= Kalvan series =

Series of novels by various authors

The Kalvan series is a series of science fiction novels started by H. Beam Piper and continued by his authority John F. Carr, about a Pennsylvania police officer who is transported to an alternate world. The series is part of Piper's Paratime series and features many of the characters from that series. The police officer, Calvin Morrison, is picked up by a "cross-time flying saucer" (really a Paratime conveyor) and dropped off in an alternate Pennsylvania where "Aryans" (speakers of Indo-European languages) migrated east across Asia and the Pacific Ocean and arrived in North America. This is different from the real world, where they moved west into Europe.

==Books==
The Kalvan series consists of eight books:

|  | Book | Author(s) | Pages | Published | ISBN |
|---|---|---|---|---|---|
| 1 | Lord Kalvan of Otherwhen | H. Beam Piper |  | 1965 |  |
| 2 | Great Kings' War | John F. Carr and Roland J. Green | 400 | 1985, expanded in 2000 | 1213-765 |
| 3 | Kalvan Kingmaker | John F. Carr | 461 | 2000 | 0-937912-01-8 |
| 4 | Siege of Tarr-Hostigos | John F. Carr | 468 | 2003 | 0-937912-02-6 |
| 5 | The Fireseed Wars | John F. Carr | 534 | 2009 | 978-0-937912-05-8 |
| 6 | Gunpowder God | John F. Carr | 517 | 2011 | 978-0-937912-15-7 |
| 7 | The Hos-Blethan Affair | John F. Carr and Wolfgang Diehr | 656 | 2014 | 978-0-937912-63-8 |
| 8 | Down Styphon! | John F. Carr | 354 | 2016 | 978-0-937912-67-6 |

== Reception and analysis ==

The Encyclopedia of Science Fiction says of the Paratime and Kalvan series, "Lord Kalvan of Otherwhen remains the most successful and enjoyable of all these tales."

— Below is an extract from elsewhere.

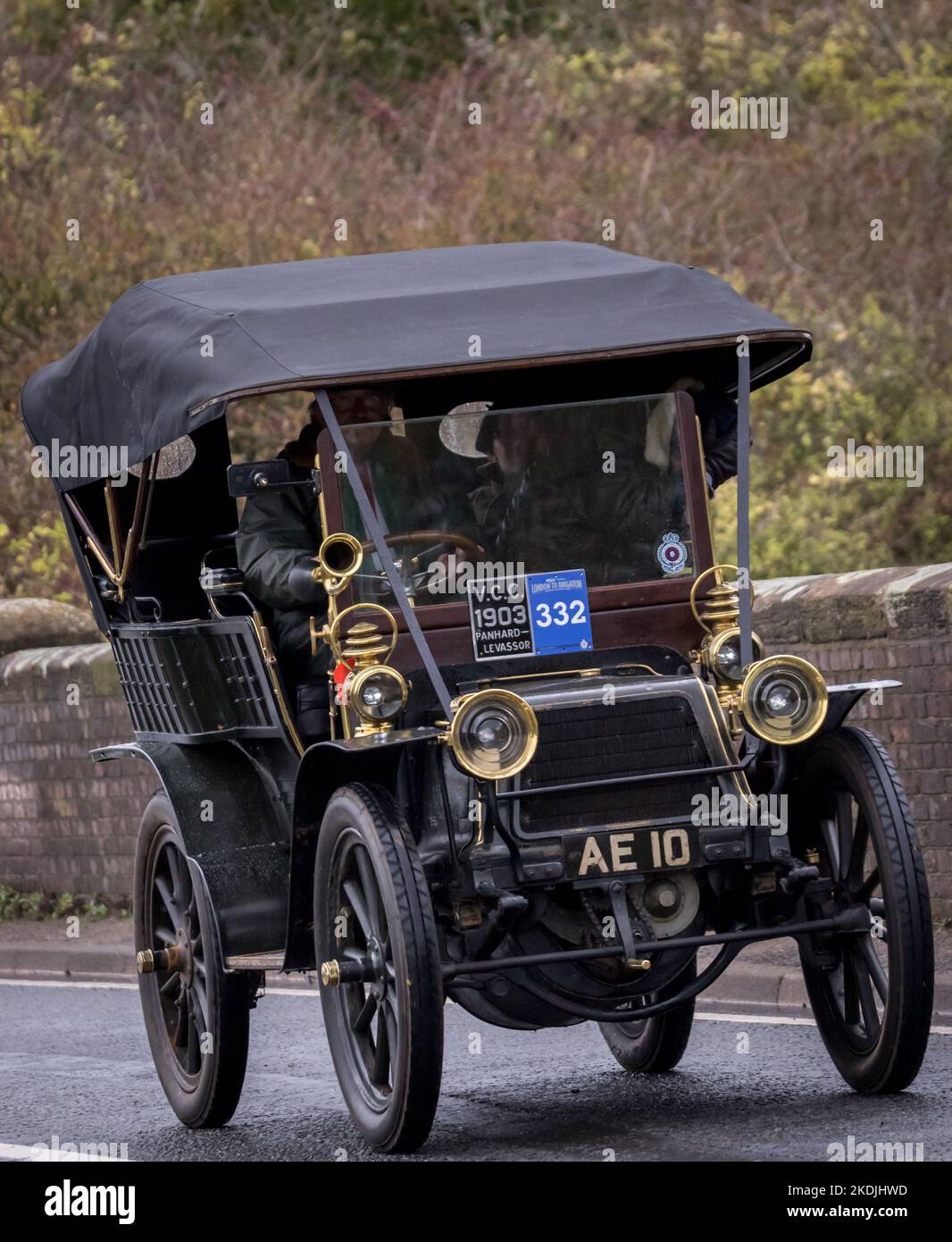 Über 300 Fahrzeuge, alle vor 1905 gebaut, nehmen an der WM Longest Running Veteran Car Run von London nach Brighton Teil. Stockfoto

Joseph Major noted that upon the publication of Lord Kalvan of Otherwhen, "Fans were gratified to see Piper returning to his established "Paratime" series". He notes the passing of the author and the 20-year break between books, calling The Great Kings' War "the long hoped-for sequel and continuation" of the previous installment.

In a review of the later book, Siege of Tarr-Hostigos, Don D'Ammassa notes that "Carr and Green have expanded on [Piper's] original work, giving greater depth to the world and peopling it with believable, if not always likeable, characters."

Noting the prior change in authorship, of Kalvan Kingmaker, Stephen H Silver notes "Carr does an excellent job of capturing Piper's style and stories in his world." Silver notes that due to the previous installment Great Kings' War being out of print for over a decade, Carr focuses heavily on "providing some of the information readers need in order to follow the labyrinthine plots in the novel," also noting that the novel feels much like a middle book of a series. D'Ammassa says the book is "a story of intrigue and war that doesn't involve as much of the paratime police as I expected," noting the entertainment value from a science-fiction perspective.

==Plot and characters==

===Characters===
====Kalvan (Calvin Morrison)====
Calvin Morrison is a state trooper of the Pennsylvania State Police who is accidentally picked up by a cross-time flying saucer (a Paratime conveyor) and carried to another timeline. Calvin's father was a Presbyterian minister who pressured him into joining the ministry, but his academic interests focused on history, particularly military history. At the outbreak of the Korean War, he left his studies and joined the Army, later joining the Pennsylvania State Police and rising to the rank of corporal. On May 19, 1964, Calvin was approaching a building containing a suspect when he stumbled into a "cross-time flying saucer" and was carried into another timeline. In the terminology of the First Level, Calvin was carried from the Fourth Level, Europo-American, Hispano-Columbian sub-sector to the Fourth Level, Aryan-Transpacific, Styphon's House sub-sector.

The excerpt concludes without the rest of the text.